Thankfully, she did.
“For 10 years I was an absent mother, wife, sister, aunt, daughter… shame, guilt, and doubt told me I would never be anything besides an addict… but then I was introduced to Jesus at the Bethany House. There I learned that the Holy Spirit was my best friend, that I’m a new creation in Christ; my sins have been forgiven.”
Here she found the tools she needed to become free from her addiction, to start life over, and begin repairing her relationship with her family.
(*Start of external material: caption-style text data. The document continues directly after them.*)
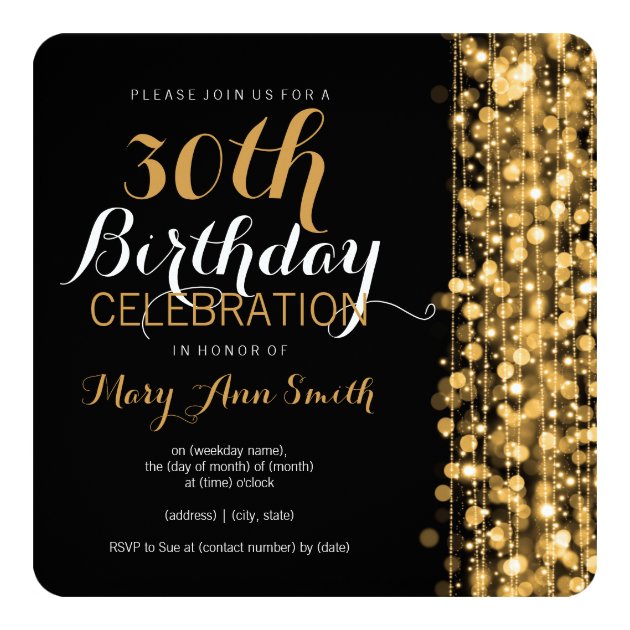 Elegant Gold 30th Birthday Party Sparkles Invitation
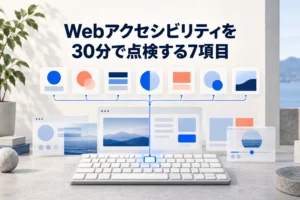 Webページをキーボードと点検表で確認する様子を描いた、Webアクセシビリティ7項目の記事サムネイル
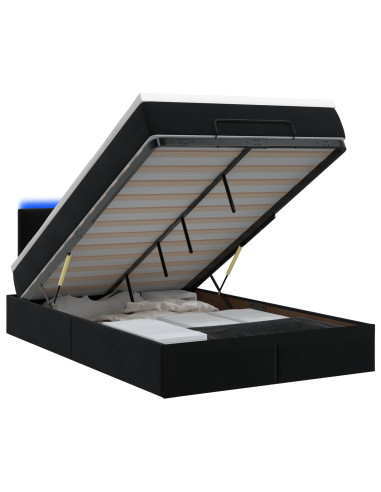 Letto Ottomano con Materasso e LED Nero 120 x 190 cm Velluto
“Once I went into the mission, I started reunification. When I left my family, I had a 7-year-old daughter, a 10-year-old son, and a 17-year-old daughter. Now I had a 17-year-old daughter, a 20-year-old son, and a 27-year-old daughter. I had been through recovery before, but this was different. They could see I was a different mom.”
She was more than different; she was transformed. In fact, Sherry is currently celebrating her 14th year of sobriety! After graduating from the recovery program, she returned to give back as an employee in our Community Ministries Department. But that wasn’t all.
She went back to school, became a foster parent, and earned her Bachelor’s degree. Not long after, she received a special phone call from Roy Tullgren, our former Executive Director.
“The Gospel Rescue Mission Board was praying for new members and Roy called me up one day and said that he heard from God loud and clear that the next new member they were looking for was Sherry. He told me he had to clarify what he heard,” she laughs. “He asked God, ‘Sherry Clark?’ And he got a yes.”
Today, Sherry is the first Board Member at the Mission who has been through the recovery program.
“I love it. I love the Mission. I still attend chapel there with my church, Faith Christian Fellowship of Tucson. I sponsor ladies in recovery; I’m very involved. I believe in the Mission and I want to give back what was given to me. When I was asked to join the Board of Directors, I knew that was what God wanted me to do.”
From the streets to the Board of the foremost homeless outreach organization in Tucson, that’s the power of transformation! It’s the same power your support helps give each and every man, woman, and child who steps through our doors.
Even in uncertain times like these, the work goes on. Thank you for keeping transformation moving forward in Tucson!